The Rowa Smart System, developed in Germany, arranges medicines, checks they are in date and dispenses them at the new Universal Hospital.

Pharmacists scan and store medicines into the robot's vault before the machine sorts out free space on specific shelves.

The system can handle about 50,000 medicines and more than 3,000 prescriptions a day. 

The 200-bed Universal Hospital opened two months ago on Airport Road. For now it only accepts outpatients but will be fully operational from October 1.

The hospital has 300 patients, with 150 getting prescriptions from its pharmacy.

"The machine dispenses medicines to the pharmacist's terminal in six seconds and customers receive medicines in less than three minutes,"said Dr Shabeer Nellikode, managing director of the hospital.

The hospital has four pharmacists, he said, whose primary duty should be to explain to patients the correct usage of medicines.

When the pharmacy is busy, the robot makes it easier for them to do that.

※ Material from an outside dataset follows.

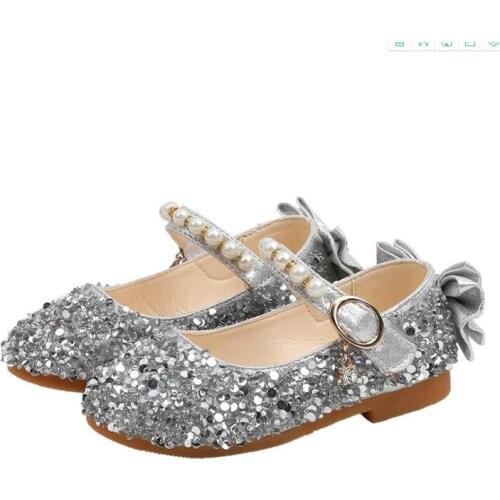 Girls Princess Shoes Mary Janes Bling Party Shoes Back Bow Kids Flats Bead String Bridal Shoes For Child Big Girls 1-12y Spring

One Abu Dhabi resident, Rajinder Kumar, said: "It takes almost half a day of our office time if we visit a doctor as a walk-in patient at a hospital. First we wait for doctors for two to three hours due to long queues, and then end up spending another hour to get medicines."

The Rowa Smart System has four terminals, each with an assistant who opens patient files and commands the robot to retrieve the medicines.

After a doctor writes a prescription, it is saved into a patient's electronic medical record then transferred into the pharmacy's system.

By the time the patient reaches the pharmacy, the prescription will have been verified by insurers and the medicine can be dispensed.